The first broadcast of the Zapruder film was on the late-night television show Underground News with Chuck Collins, originating on WSNS-TV, Ch 44, Chicago in 1970. It was given to director Howie Samuelsohn by Penn Jones and later aired in syndication to Philadelphia, Detroit, Kansas City, and St. Louis.[citation needed]

Australians became the first mass audience in the world to view the Zapruder film on the Seven National News Network and a few minutes later the Nine News National Network, on February 5, 1975. Researcher and author of Proof of Conspiracy in the Assassination of President Kennedy [18], Ian MacFarlane immediately sent packages of resulting Australian press coverage (which included comments that the Warren Commission was now a 'sham' (ref Melbourne Herald; Andrew McKay; February 5, 1975} to NBC, ABC and other US broadcasting networks.

On March 6, 1975, on the ABC late-night television show Good Night America (hosted by Geraldo Rivera), assassination researchers Robert Groden and Dick Gregory presented the first-ever US network television showing of the Zapruder film. The public's response and outrage to that television showing quickly led to the forming of the Hart-Schweiker investigation, which contributed to the Church Committee Investigation on Intelligence Activities by the United States, and resulted in the House Select Committee on Assassinations investigation.[19]

Bell & Howell Zoomatic movie camera used to shoot the film, in the collection of the U.S. National Archives

In April 1975, in settlement of a royalties suit between Time Inc. and Zapruder's heirs that arose from the ABC showing, Time Inc. sold the film's initial rendition and its copyright back to the Zapruder family for the token sum of $1. Time Inc. wanted to donate the film to the U.S. government. The Zapruder family originally refused to consent, but in 1978, the family transferred the film to the National Archives and Records Administration for appropriate preservation and safe-keeping, while still retaining ownership of the film and its copyright. Director Oliver Stone paid over $85,000 to the Zapruder family for use of the Zapruder film in his motion picture JFK (1991).[citation needed]

On October 26, 1992, then-U.S. President George H. W. Bush signed into law the President John F. Kennedy Assassination Records Collection Act (the "JFK Act"), which sought to preserve for historical and governmental purposes all records related to President Kennedy's assassination. The Act also created the President John F. Kennedy Assassination Records Collection at the National Archives. The Zapruder film was automatically designated an "assassination record" and therefore became official property of the United States government. When the Zapruder family demanded the return of the original film between 1993 and 1994, National Archives officials refused to comply.[citation needed]

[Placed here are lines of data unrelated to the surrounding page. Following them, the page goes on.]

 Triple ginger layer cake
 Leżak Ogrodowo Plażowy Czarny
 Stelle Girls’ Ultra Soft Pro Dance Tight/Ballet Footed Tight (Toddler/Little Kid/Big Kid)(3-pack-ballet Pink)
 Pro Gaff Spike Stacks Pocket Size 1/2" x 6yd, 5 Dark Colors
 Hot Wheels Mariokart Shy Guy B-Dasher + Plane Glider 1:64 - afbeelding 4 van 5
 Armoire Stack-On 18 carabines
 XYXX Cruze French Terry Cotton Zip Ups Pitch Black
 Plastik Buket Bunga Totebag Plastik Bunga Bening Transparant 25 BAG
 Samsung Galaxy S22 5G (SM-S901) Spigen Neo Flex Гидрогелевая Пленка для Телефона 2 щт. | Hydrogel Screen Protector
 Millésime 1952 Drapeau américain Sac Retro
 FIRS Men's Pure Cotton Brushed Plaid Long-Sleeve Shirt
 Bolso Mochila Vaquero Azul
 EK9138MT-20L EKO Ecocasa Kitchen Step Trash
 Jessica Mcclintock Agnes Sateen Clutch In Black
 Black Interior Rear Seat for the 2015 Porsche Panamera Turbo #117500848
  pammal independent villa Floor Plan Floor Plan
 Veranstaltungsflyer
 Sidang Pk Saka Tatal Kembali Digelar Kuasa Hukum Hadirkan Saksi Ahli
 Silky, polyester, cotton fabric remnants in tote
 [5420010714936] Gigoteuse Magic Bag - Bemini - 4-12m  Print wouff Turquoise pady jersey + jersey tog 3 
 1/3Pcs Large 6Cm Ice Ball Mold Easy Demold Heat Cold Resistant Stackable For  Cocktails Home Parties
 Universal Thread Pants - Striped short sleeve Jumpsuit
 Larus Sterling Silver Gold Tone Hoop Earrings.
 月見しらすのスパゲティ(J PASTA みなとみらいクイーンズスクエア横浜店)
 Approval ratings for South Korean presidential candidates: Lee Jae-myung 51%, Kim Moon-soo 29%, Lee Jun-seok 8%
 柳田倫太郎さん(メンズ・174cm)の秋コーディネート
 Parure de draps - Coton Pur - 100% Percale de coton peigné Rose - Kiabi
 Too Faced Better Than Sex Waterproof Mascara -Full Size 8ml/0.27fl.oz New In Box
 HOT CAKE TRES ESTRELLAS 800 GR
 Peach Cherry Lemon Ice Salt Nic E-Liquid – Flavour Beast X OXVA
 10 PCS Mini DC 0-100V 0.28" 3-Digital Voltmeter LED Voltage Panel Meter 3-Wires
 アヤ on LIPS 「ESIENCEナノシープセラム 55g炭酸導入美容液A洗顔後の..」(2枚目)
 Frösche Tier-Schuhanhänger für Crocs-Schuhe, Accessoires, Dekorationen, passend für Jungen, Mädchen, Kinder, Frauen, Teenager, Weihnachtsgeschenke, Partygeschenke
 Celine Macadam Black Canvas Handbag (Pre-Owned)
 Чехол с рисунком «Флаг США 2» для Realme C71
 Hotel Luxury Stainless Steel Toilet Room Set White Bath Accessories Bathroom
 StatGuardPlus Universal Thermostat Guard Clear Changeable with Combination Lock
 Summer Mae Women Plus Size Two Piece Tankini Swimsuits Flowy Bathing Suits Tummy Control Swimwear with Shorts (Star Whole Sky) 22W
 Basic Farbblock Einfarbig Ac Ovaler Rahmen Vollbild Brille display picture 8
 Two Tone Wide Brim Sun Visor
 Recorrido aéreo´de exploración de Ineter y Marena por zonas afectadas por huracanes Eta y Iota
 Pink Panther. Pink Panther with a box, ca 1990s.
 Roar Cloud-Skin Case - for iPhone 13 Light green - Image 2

On April 24, 1997, the Assassination Records Review Board (ARRB), which the JFK Act created, announced a "Statement of Policy and Intent with Regard to the Zapruder Film". The ARRB re-affirmed that the Zapruder film was an "assassination record" within the JFK Act's meaning and directed it to be transferred on August 1, 1998 from its present-day location in NARA's film collection to the John F. Kennedy Assassination Records Collection maintained by NARA.[note 2] As required by the US federal law for such a seizure under eminent domain, payment to Zapruder's heirs was attempted. Because the film is unique, its value was difficult to ascertain; eventually, following arbitration with the Zapruder heirs, the government purchased the film in 1999 for $16 million.[citation needed]

The Zapruder family retained copyright to the film, which was not seized. In 1997, the film was digitally replicated and restored under license of the Zapruder family. The 1998 documentary Image of an Assassination: A New Look at the Zapruder Film shows history of the film, as well as various versions of when it was restored.[citation needed]

In December 1999, the Zapruder family donated the film's copyright to the Sixth Floor Museum, in the Texas School Book Depository building at Dealey Plaza, along with one of the first-generation copies made on November 22, 1963 and other copies of the film and frame enlargements once held by Life magazine, which had since been returned.[20] The Zapruder family no longer retains any commercial rights to the film, which are now entirely controlled by the museum.[citation needed]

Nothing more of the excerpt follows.